There are countless procedural rules that must be followed when asserting a claim for injuries. Although certain legal matters from your past may not seem like they have a bearing on your current claim, disclosing them or providing information related to those prior claims may be essential. As dedicated Chicago personal injury lawyers, we have assisted many accident victims with ensuring that they follow all of the applicable procedural rules so that they don’t jeopardize their right to recovery.
A recent appellate case demonstrates how complicated this issue can be. The facts of the underlying case are as follows. The plaintiff sustained injuries in 2010 when he slipped and fell down a stairwell while at work. He worked as a patrolman, which required him to frequent various places on his assigned station, including what he described in his complaint as a negligently maintained stairwell. The plaintiff filed a workers’ compensation claim against his employer and was awarded benefits.
In 2012, the plaintiff filed a civil complaint against the defendants, alleging that they owned, operated, and maintained the premises in a negligent manner. The plaintiff sought compensation for his injuries, and his wife filed a claim for loss of consortium. Six months before filing the personal injury action, the plaintiff had filed a Chapter 7 bankruptcy proceeding. Among the disclosures filed with the bankruptcy, the plaintiffs signed a document listing the workers’ compensation claim as an asset. During a hearing about their assets, the plaintiffs testified about the workers’ compensation claim. Two months before filing the civil lawsuit, the plaintiffs received a discharge in the bankruptcy proceeding, and the case was closed.
During the plaintiff’s deposition, he testified about two personal injury actions that he had filed in the past regarding unrelated situations. He also testified that neither he nor his wife disclosed the current civil lawsuit in the bankruptcy proceeding. After the deposition, the defendants filed an emergency motion to dismiss the action, based on standing and judicial estoppel. The plaintiff then filed a motion to reopen the bankruptcy proceeding so that the plaintiffs could amend their schedules to include the pending civil claim, claiming that their failure to list the civil claim was an honest mistake. The bankruptcy court granted the plaintiff’s motion and reopened the bankruptcy claim.
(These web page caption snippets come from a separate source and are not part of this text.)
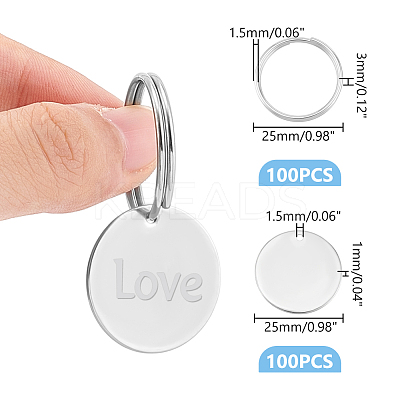 DIY 304 Stainless Steel Blank Tag Flat Round Pendant Keychain Making Kits DIY-UN0006-15-1
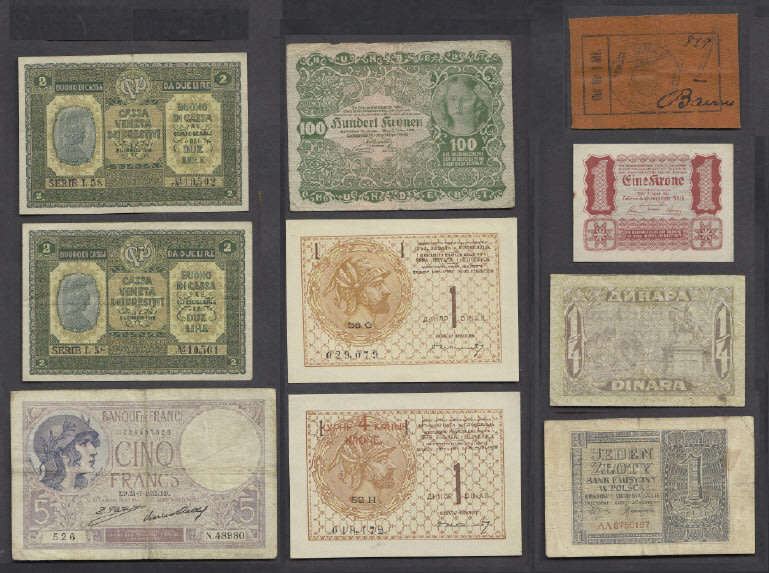 Old European Bank Notes from the Early 1900s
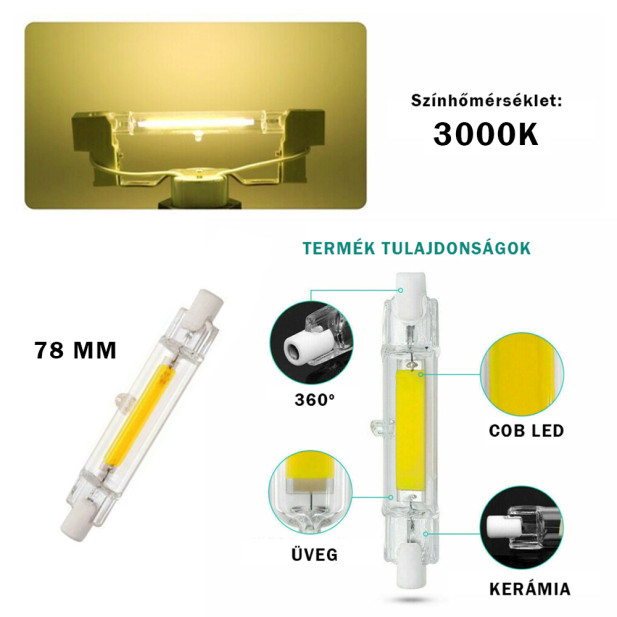 6 wattos LED izzó reflektorokba / 78 mm / R7 foglalatba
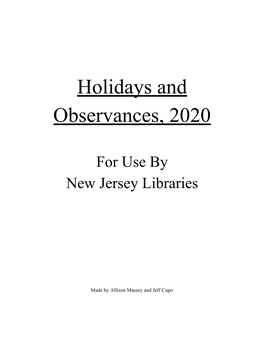 Holidays and Observances, 2020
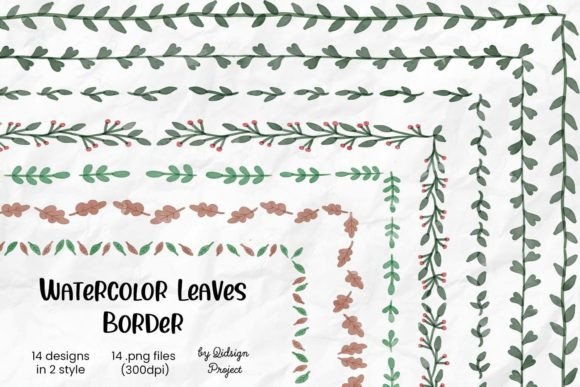 Watercolor Leaves Border: A Versatile Decorative Element for Creative Projects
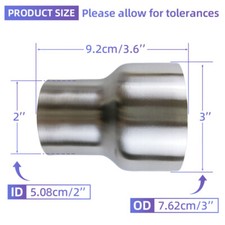 2 Id To 3 Od Universal Exhaust Pipe To Component Adapter Reducer 3.6 Length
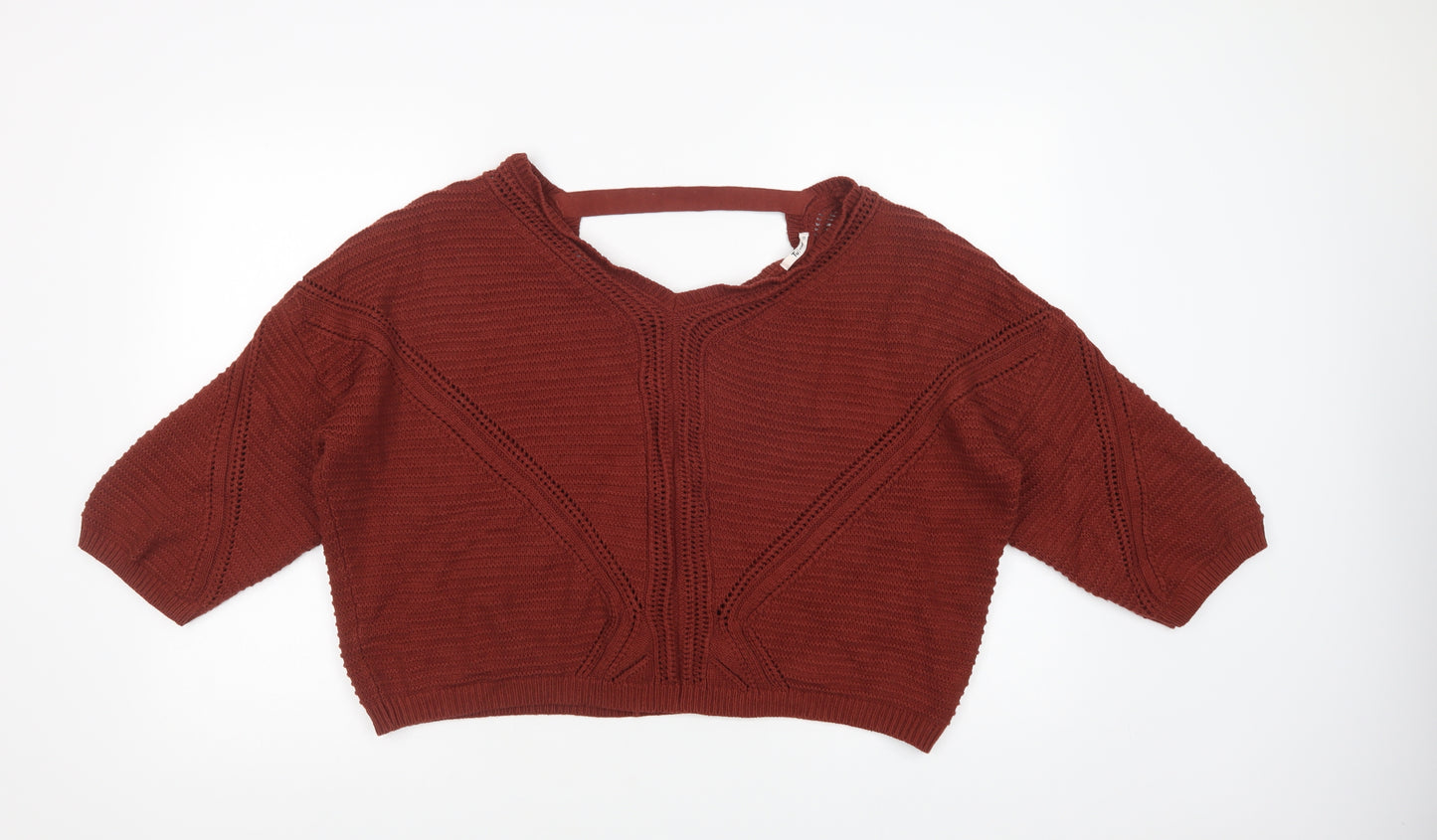 TU Womens Brown V-Neck  Cotton Pullover Jumper Size 22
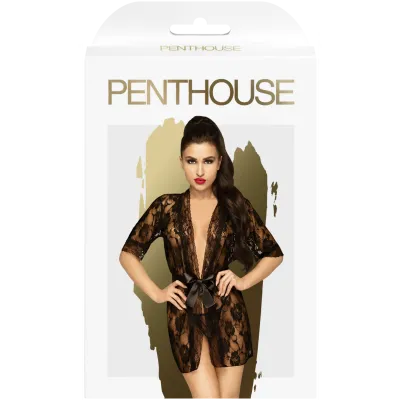 Penthouse Sweet Retreat Black Lace Kimono with Tie Belt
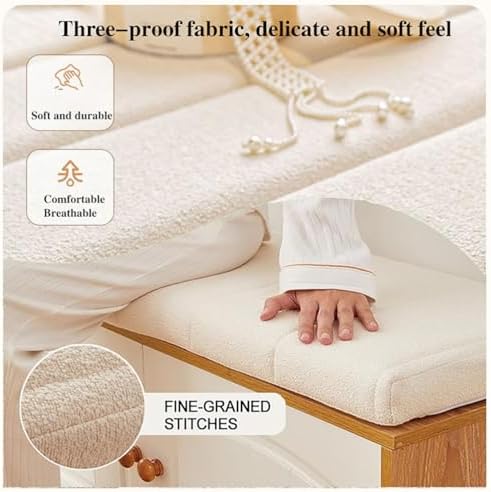 Thick 6cm Waterproof Teddy Plush Cushion - Non-Slip Zippered Pillow for Indoor Shoe Changing & Outdoor Garden Benches, Brown, 120x35cm - Comfortable Seating Accessory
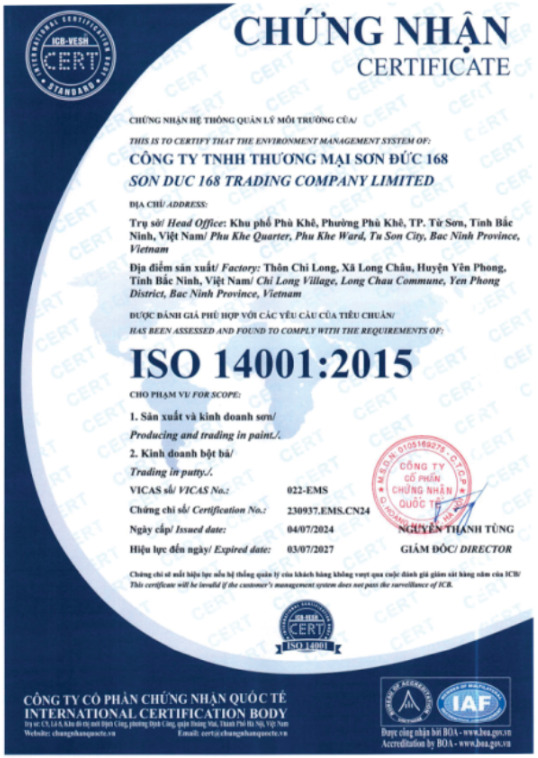 Chứng nhận ISO 14001:2015
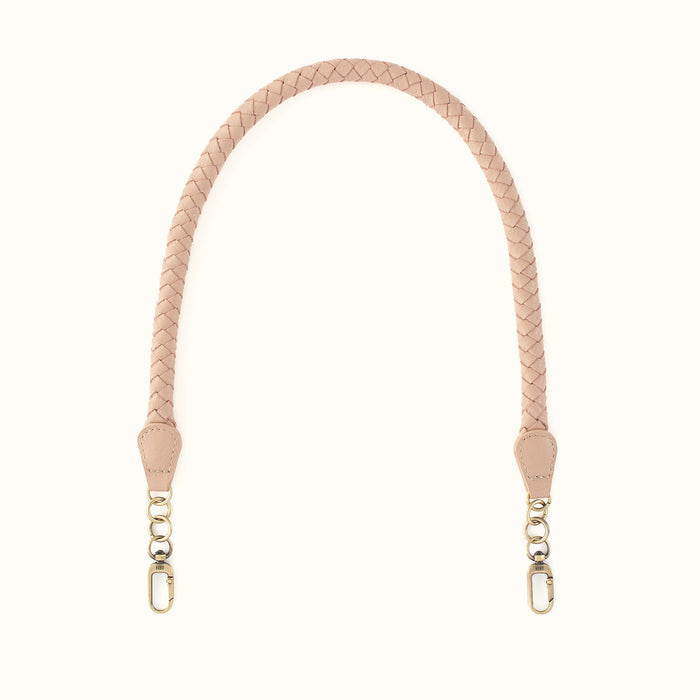 Skinny Braid Strap In Pebbled Leather - Stonewash- FOL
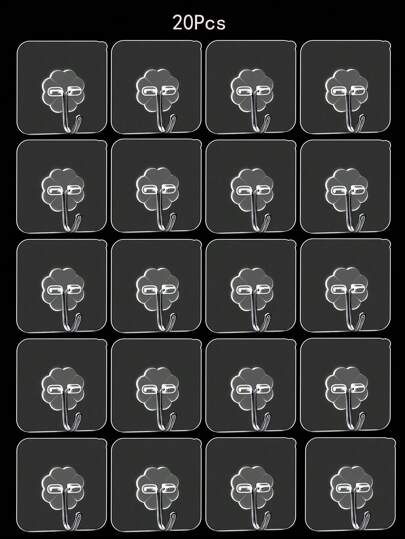 10/20 piezas Ganchos adhesivos transparentes, ganchos de pared reutilizables de viscosa sin rastro para la cocina, el baño, ganchos de pared versátiles, que soportan carga sin clavos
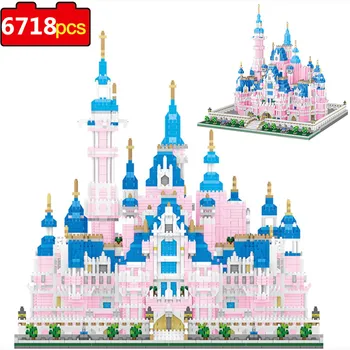 6718pcs Arhitektūras Atrakciju Parks, Celtniecības Bloki, Rozā Princese Pils 3D Modeli Mini Dimanta Ķieģeļi, Bloki Rotaļlietas Bērniem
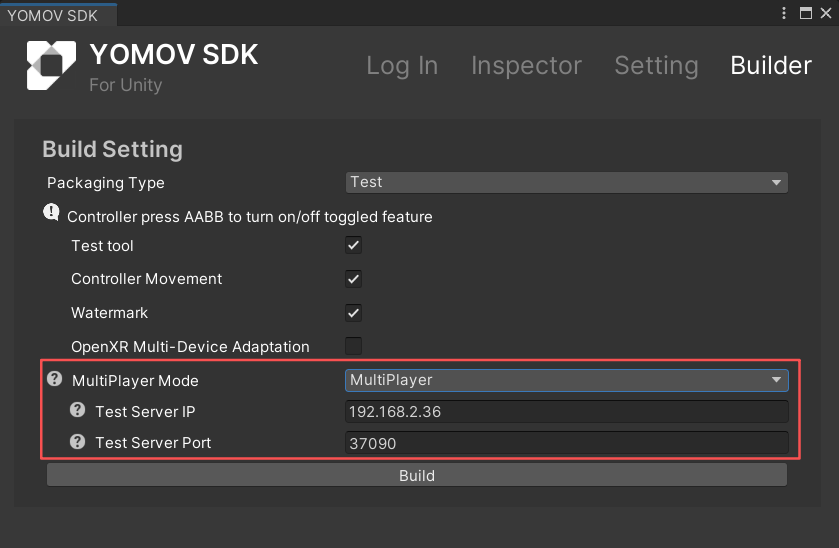 Multiplayer test build configuration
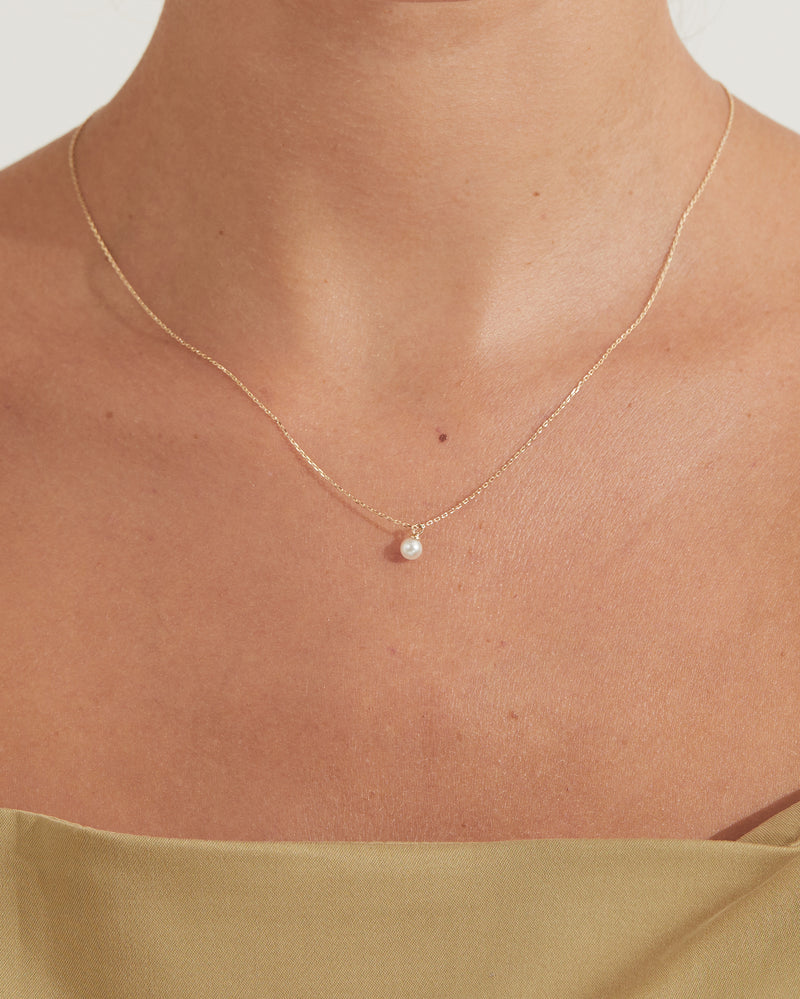 14K Mini White Pearl Necklace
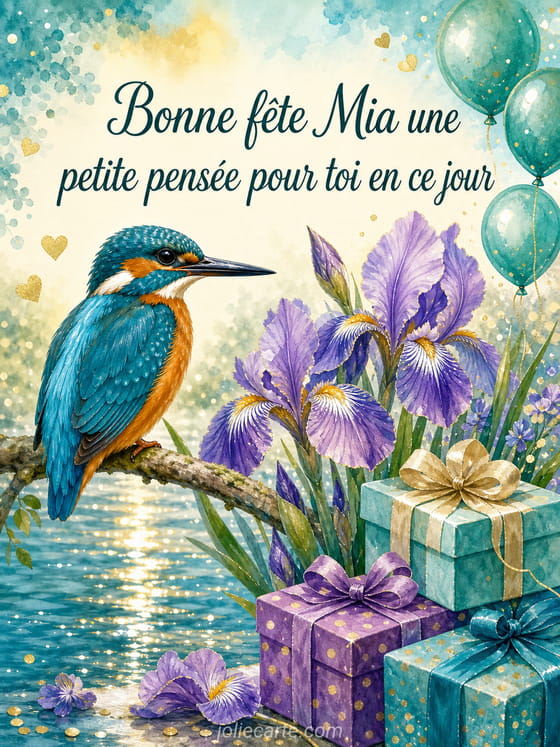 Carte bonne fête Mia
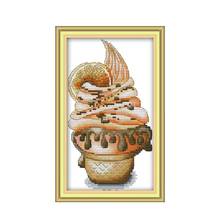 Fruit ice cream  cross stitch kit aida 14ct 11ct count printed canvas stitches embroidery DIY handmade needlework 2024 - buy cheap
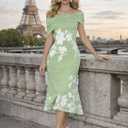 Bodycon Dresses for Women Floral Off Shoulder Fishtail Cocktail Dress 2026 Summer Midi Prom Dresses for Wedding Guest (Green, S)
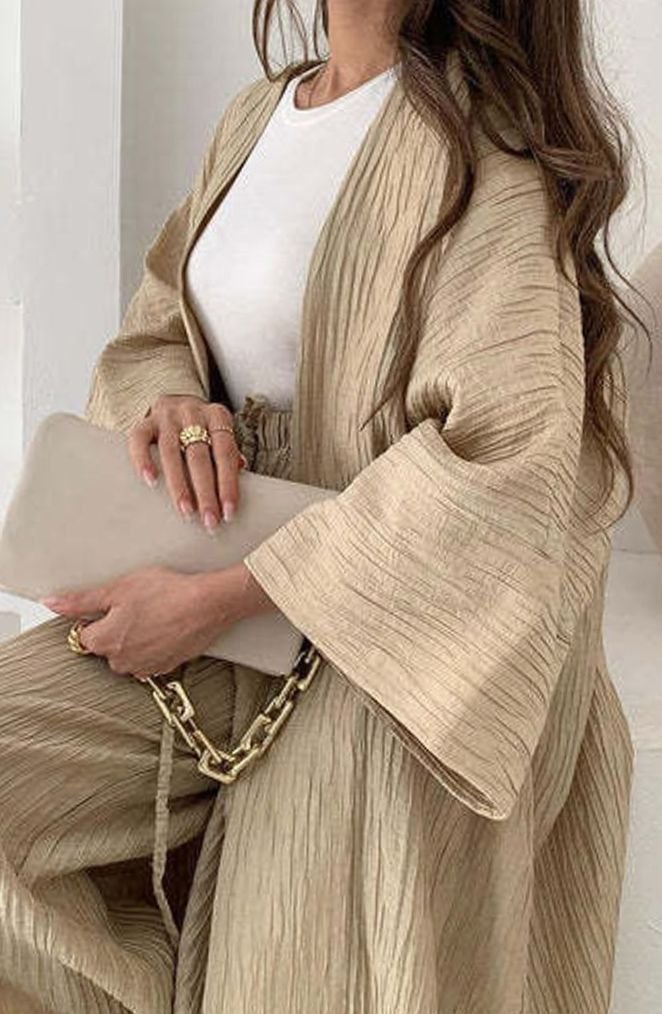 Women's Pleated Kimono Wide-Leg Trousers Two-Piece Set - Khaki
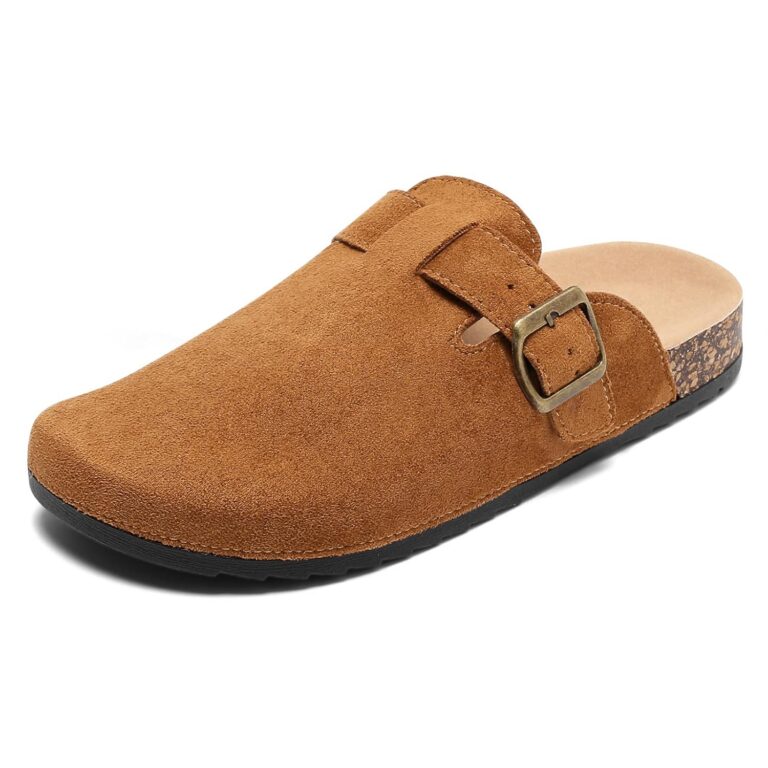 CKWLXQY Suede Clogs Women Unisex Leather Mules Men Soft Cork Footbed Adjustable Buckle Slip Closed Toe Sandals Potato Shoes with Arch Support
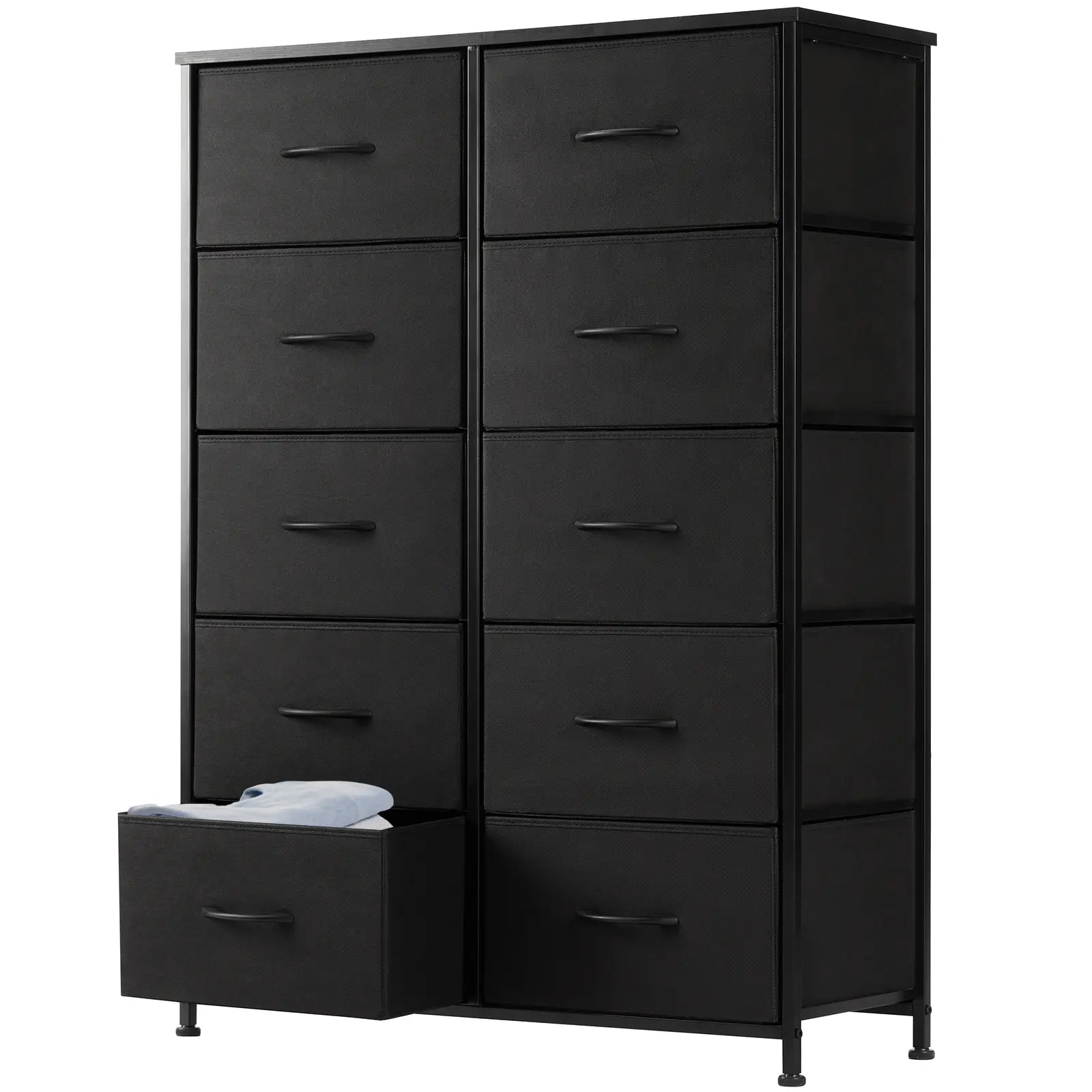 Sweet Furniture S - Tall Fabric Storage Tower Dresser with 10 Drawers and Wood Top for Bedroom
The civil claim was stayed in the meantime. After several motions regarding the plaintiffs’ failure to disclose the civil claim, the court granted the defendant’s motion to dismiss with prejudice. The parties appealed. On review, the appellate court concluded that the lower court erred in concluding that the plaintiffs lacked standing to bring their claim and that judicial estoppel precluded them from asserting a civil claim against the defendants. Regarding standing, the appellate court noted that the bankruptcy trustee abandoned the personal injury claim during the reopening and that standing for the claim reverted to the plaintiffs thereafter. Regarding the judicial estoppel claim, the court concluded that the lower court erred in applying it to the present case. It found no evidence in the record that the plaintiffs intended to deceive or mislead the bankruptcy court in failing to list the civil claim among their assets in the bankruptcy proceeding. Accordingly, the appellate court reversed the order dismissing the plaintiffs’ civil claim with prejudice.
If you have been injured as a result of another person’s carelessness, it is imperative that you consult a dedicated Illinois trial lawyer today to ensure that you preserve your rights and obtain the maximum amount of recovery that you are entitled to receive. At Therman Law Offices, our dedicated team of personal injury lawyers has counseled clients throughout the region, and we are standing by to provide you with the zealous and compassionate advocacy that you deserve. To schedule your free consultation, call us now at 775-545-8849 or contact us online.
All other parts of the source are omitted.